-- Task instructions --
For this exercise, write out only the lines of the entries below from the one with "Here is something" up to and including the one with "Looking at the", exactly as they are. Pictures stay out.

-- Records for this exercise --
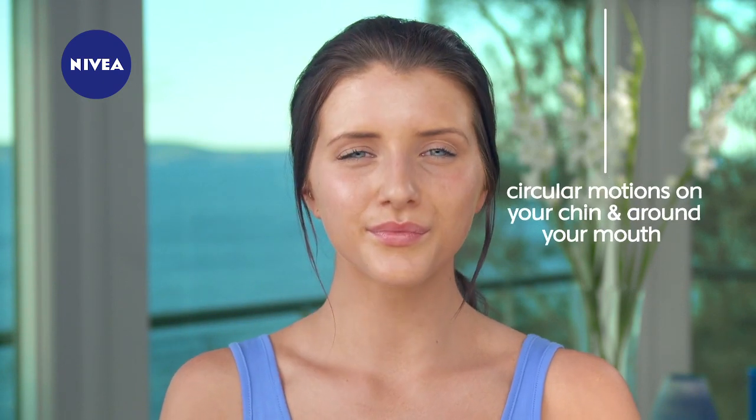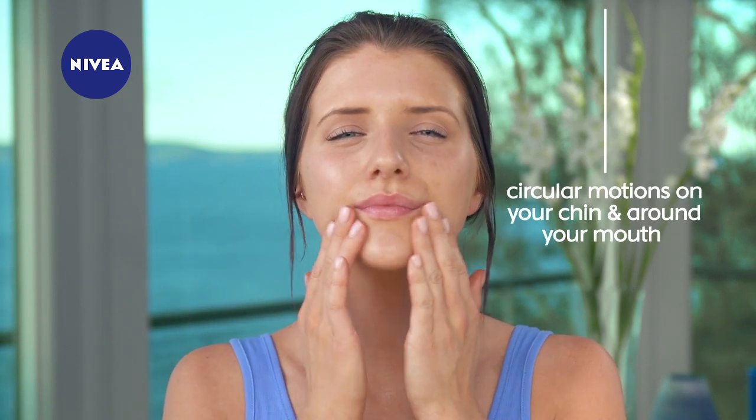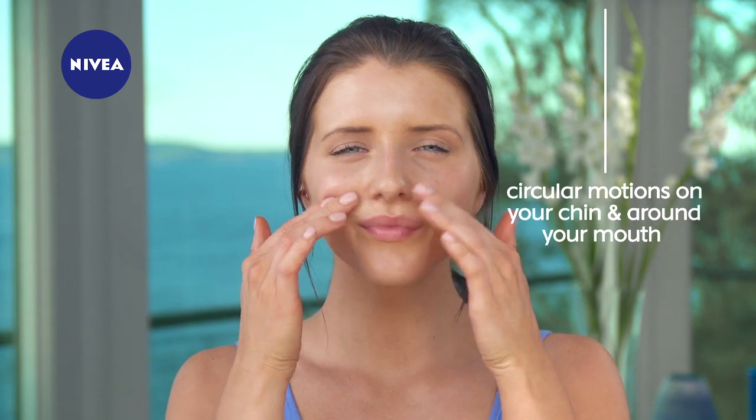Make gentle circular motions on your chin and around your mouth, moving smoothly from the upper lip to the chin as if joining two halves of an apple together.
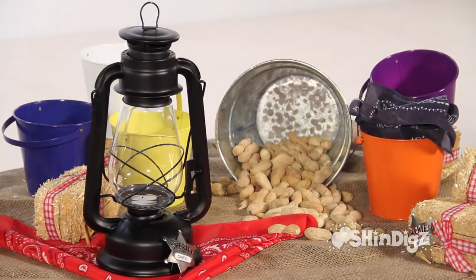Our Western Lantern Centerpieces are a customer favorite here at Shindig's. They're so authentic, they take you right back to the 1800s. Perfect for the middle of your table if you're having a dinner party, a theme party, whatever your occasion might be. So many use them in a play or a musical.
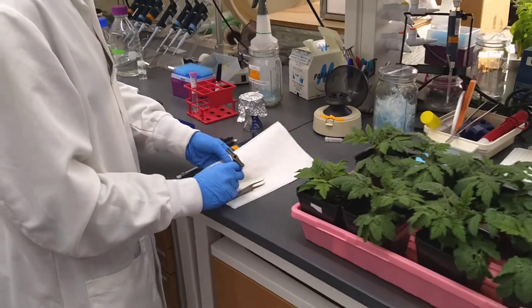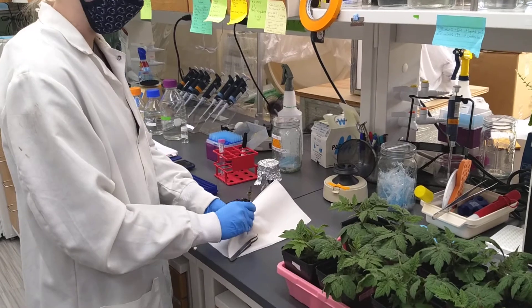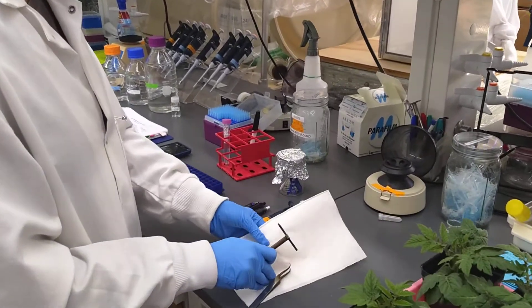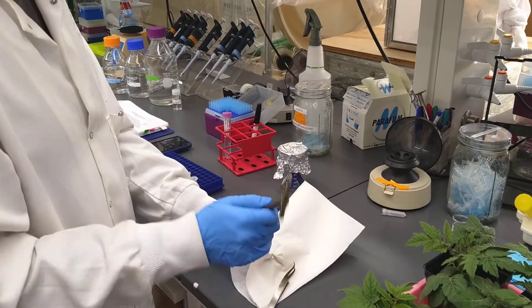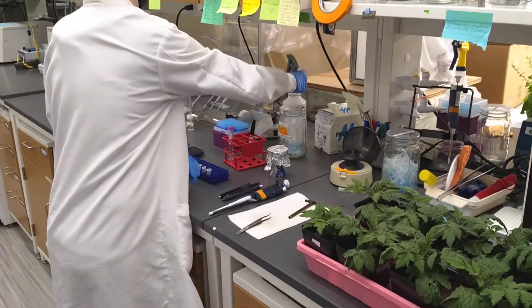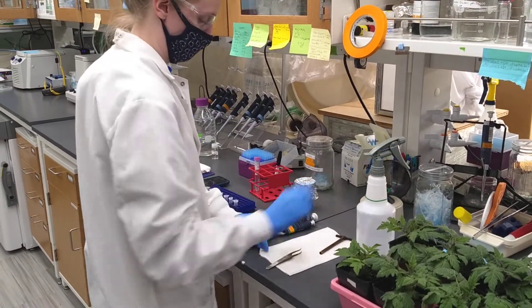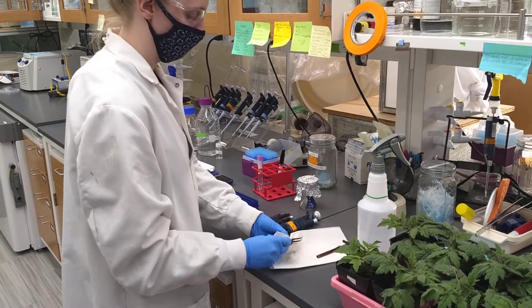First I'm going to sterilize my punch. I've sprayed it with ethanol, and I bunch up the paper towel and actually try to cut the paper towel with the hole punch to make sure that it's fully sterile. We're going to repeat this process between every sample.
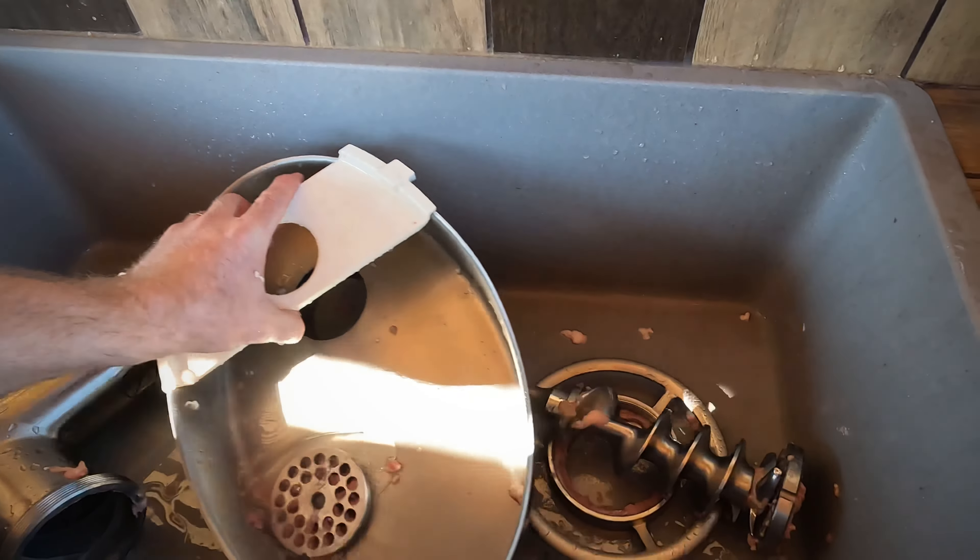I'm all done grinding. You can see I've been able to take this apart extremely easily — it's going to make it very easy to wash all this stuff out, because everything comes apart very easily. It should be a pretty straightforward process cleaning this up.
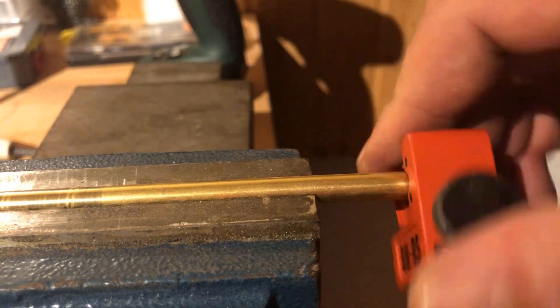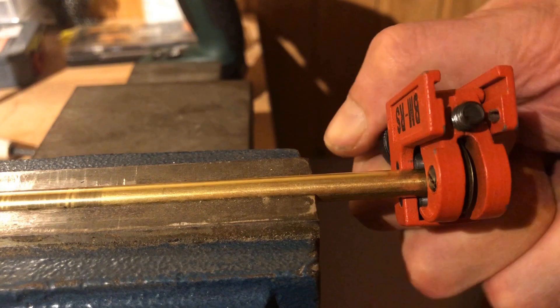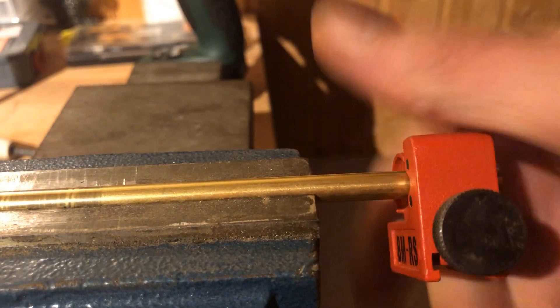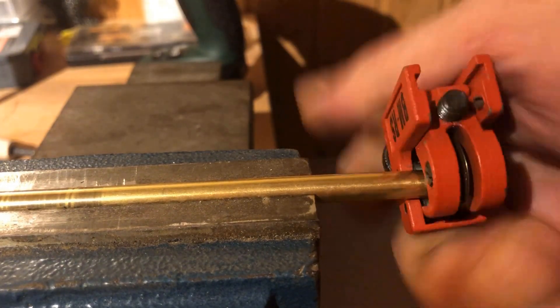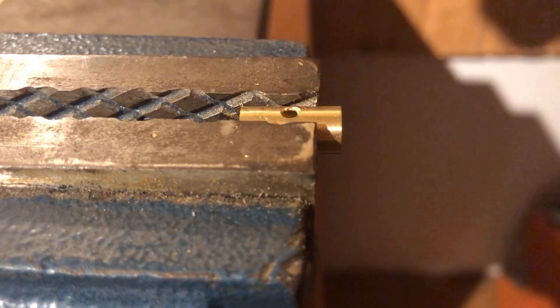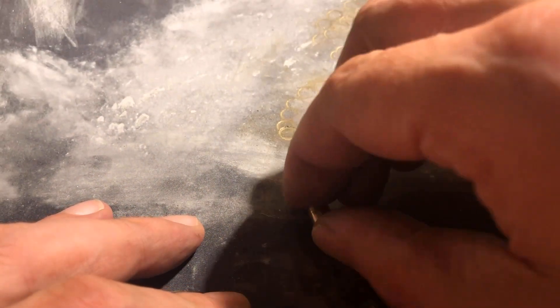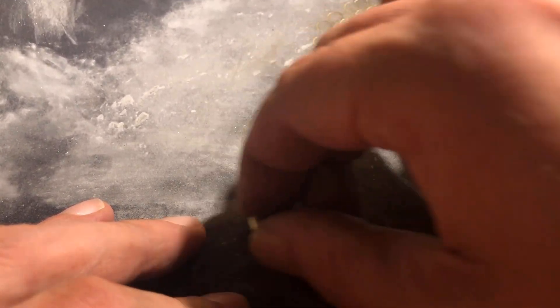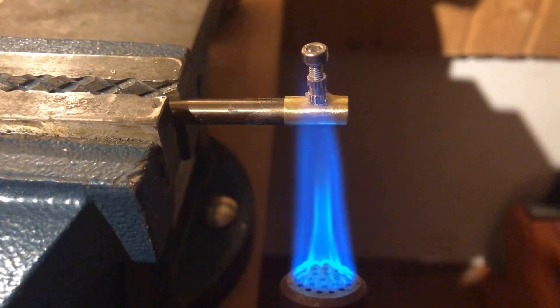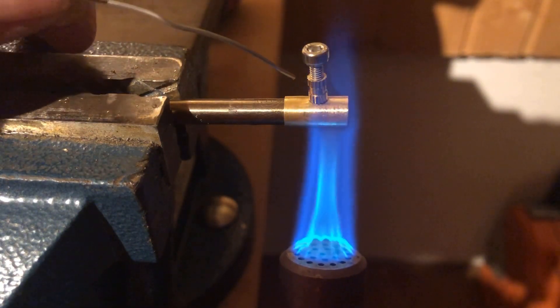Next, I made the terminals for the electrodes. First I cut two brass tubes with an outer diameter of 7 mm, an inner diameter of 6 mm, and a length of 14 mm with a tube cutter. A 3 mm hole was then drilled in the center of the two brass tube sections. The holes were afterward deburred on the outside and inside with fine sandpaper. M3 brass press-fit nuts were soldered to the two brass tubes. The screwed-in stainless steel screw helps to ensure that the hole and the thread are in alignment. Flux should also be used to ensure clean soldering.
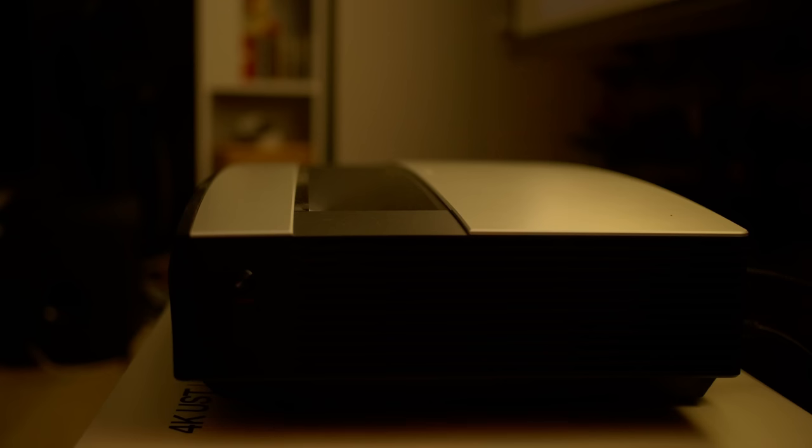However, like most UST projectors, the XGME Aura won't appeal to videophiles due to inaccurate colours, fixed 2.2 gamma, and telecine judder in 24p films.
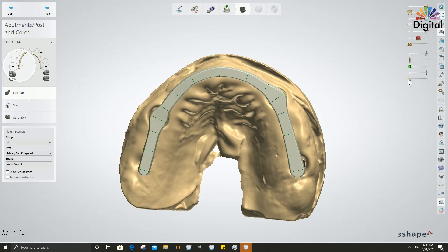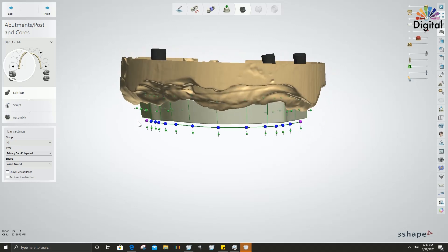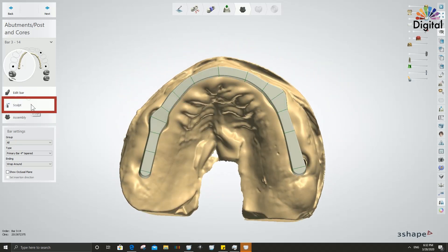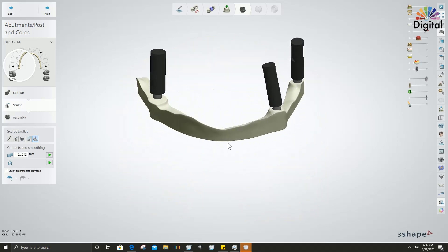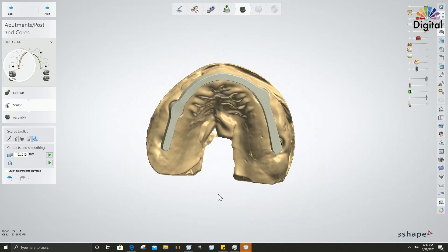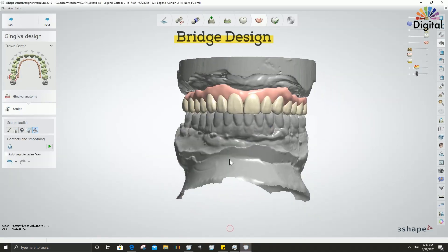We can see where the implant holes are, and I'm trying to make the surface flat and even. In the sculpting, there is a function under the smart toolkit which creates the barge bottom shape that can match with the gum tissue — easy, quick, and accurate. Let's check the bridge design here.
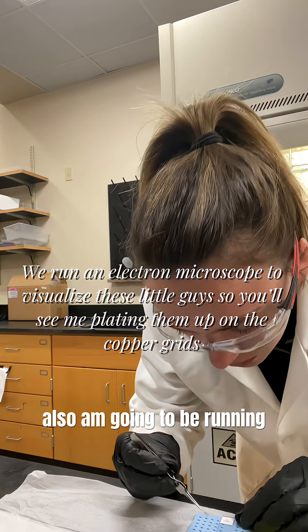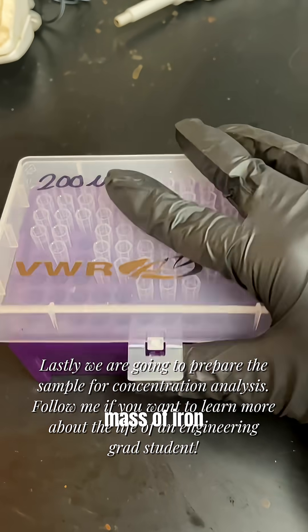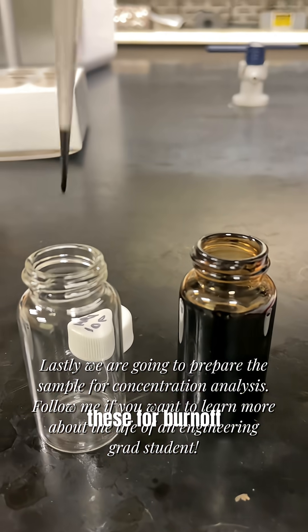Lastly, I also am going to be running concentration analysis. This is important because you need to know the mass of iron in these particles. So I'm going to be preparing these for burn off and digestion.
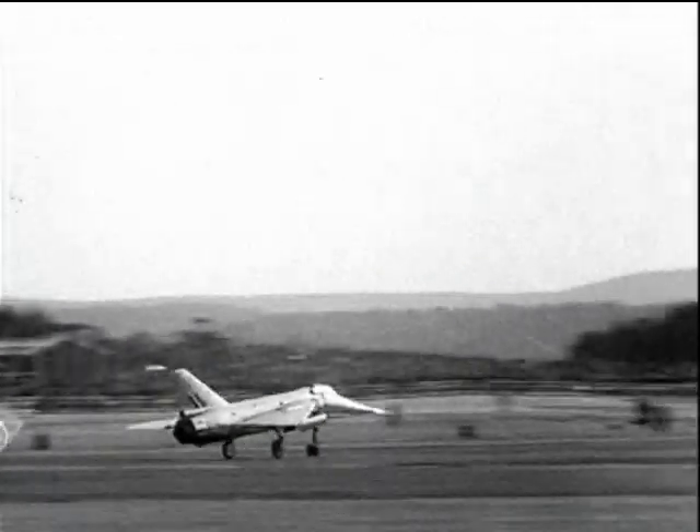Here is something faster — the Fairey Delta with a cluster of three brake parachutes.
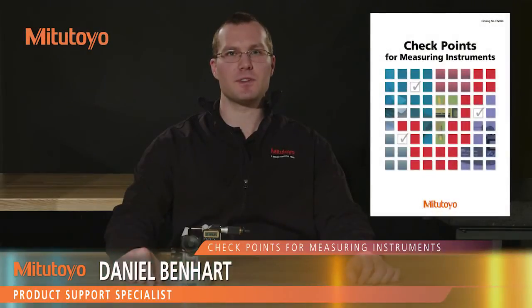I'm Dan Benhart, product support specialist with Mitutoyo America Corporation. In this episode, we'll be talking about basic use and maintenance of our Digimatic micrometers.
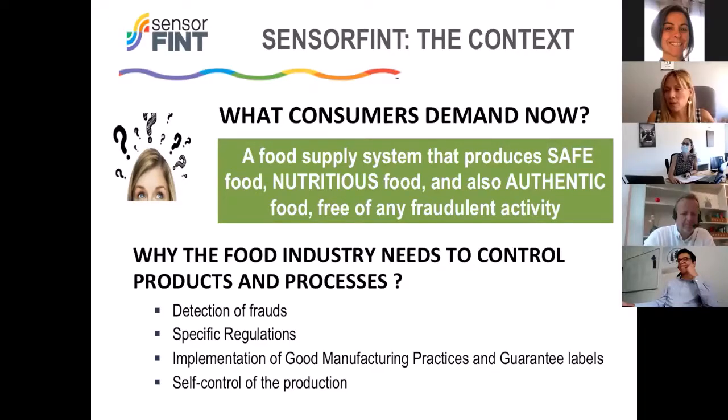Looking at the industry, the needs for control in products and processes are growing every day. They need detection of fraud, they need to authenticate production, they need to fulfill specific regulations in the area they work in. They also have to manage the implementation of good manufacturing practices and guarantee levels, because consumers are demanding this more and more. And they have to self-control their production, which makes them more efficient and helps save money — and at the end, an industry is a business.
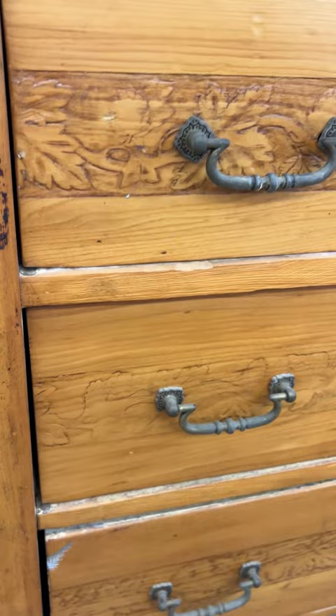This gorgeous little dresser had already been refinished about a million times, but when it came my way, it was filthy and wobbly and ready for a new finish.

-- Solution for this problem --
Here is something faster — the Fairey Delta with a cluster of three brake parachutes.
I'm Dan Benhart, product support specialist with Mitutoyo America Corporation. In this episode, we'll be talking about basic use and maintenance of our Digimatic micrometers.
Looking at the industry, the needs for control in products and processes are growing every day. They need detection of fraud, they need to authenticate production, they need to fulfill specific regulations in the area they work in. They also have to manage the implementation of good manufacturing practices and guarantee levels, because consumers are demanding this more and more. And they have to self-control their production, which makes them more efficient and helps save money — and at the end, an industry is a business.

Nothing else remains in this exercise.